Nous étions venu en autostop depuis Rouen à Salonique, Istanbul, Athènes, la Crête et retour par Patras, Brindisi. Un mois et demi, et 93 voitures, je m’en souviens encore, car nous les avions comptées. Nous « faisions la route » alors et dormions dehors, avec un modeste pécule. Des quelques jours passés à Istanbul, nous restaient des souvenirs vagues, bien sûr, les images des deux plus grandes et plus célèbres Mosquées, du café de Pierre Loti au fond de la Corne d’or, des vues du détroit depuis Topkapi, de la traversée en bateau vers l’Asie, des bousculades et allées enchevêtrées du Grand bazar, des ragoûts (güvec) qu’on nous servait dans les restaurants populaires. Vite nous avions abandonné les Turcs pour la Grèce, et passé le reste de notre été à manifester à Athènes en plein soulèvement contre le Roi qui chassait son Premier ministre Papandréou (le grand père) sans respecter l’article 114 de la Constitution (Ena ena tessera).

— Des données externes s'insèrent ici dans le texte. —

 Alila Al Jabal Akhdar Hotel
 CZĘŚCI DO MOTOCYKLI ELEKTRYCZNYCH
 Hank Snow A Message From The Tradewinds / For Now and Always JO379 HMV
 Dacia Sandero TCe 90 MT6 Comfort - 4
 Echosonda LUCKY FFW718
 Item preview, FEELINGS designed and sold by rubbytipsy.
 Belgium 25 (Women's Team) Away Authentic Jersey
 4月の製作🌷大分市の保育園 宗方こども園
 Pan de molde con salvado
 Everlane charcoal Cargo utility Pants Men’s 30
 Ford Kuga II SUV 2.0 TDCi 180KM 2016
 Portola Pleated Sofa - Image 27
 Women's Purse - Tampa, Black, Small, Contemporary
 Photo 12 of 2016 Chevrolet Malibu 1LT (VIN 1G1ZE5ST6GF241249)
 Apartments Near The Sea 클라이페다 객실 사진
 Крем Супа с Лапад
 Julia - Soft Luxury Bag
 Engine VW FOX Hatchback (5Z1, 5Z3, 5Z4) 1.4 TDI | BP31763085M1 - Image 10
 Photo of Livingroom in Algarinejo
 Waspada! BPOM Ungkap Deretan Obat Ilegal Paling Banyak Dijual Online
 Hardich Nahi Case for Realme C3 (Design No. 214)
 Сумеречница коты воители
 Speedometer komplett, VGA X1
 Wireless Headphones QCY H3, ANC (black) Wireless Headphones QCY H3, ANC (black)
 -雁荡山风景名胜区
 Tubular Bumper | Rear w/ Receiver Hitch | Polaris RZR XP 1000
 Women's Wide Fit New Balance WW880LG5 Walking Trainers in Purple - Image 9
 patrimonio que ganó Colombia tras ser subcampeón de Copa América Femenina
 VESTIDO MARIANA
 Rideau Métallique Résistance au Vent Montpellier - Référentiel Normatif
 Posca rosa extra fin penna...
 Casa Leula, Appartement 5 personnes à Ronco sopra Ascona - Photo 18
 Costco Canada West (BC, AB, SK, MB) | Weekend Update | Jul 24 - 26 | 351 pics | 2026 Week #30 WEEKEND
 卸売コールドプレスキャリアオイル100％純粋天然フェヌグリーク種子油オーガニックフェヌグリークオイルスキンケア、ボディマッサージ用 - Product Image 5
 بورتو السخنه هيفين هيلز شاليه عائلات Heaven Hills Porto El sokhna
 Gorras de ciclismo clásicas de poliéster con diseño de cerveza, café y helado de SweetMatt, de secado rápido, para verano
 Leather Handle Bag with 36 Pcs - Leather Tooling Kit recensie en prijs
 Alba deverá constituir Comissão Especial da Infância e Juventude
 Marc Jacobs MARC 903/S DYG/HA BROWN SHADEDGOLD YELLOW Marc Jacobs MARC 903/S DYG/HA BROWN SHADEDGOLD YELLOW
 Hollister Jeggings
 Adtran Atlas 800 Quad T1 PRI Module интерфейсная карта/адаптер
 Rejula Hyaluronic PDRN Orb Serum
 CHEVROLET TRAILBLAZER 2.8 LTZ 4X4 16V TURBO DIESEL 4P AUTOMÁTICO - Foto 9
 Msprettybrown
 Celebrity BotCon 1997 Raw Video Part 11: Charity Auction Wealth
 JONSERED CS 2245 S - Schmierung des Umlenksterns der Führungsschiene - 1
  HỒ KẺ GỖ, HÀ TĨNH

45 ans après, nous tentons de nous ressourcer en  lisant en vrac : « Histoire de la Turquie contemporaine » d’Hamit Bozarslan, « Voyages en orient » Constantinople de Gérard de Nerval, le « guide » très libéral Lonely Planet, « Aziyadé » et « La Mosquée verte » de Pierre Loti, « Stamboul avec Pierre Loti » de Faruk Ersöz. C’est tout ce dont nous disposons. Avec quelques journaux et Internet qui fonctionne mal dans notre hôtel, en sait-on assez pour aborder les mystères de l’Empire Byzantin, puis de l’Empire Ottoman, puis de la république de Mustapha Kemal à Reccep Erdogan ? Sûrement pas : il faudra y revenir.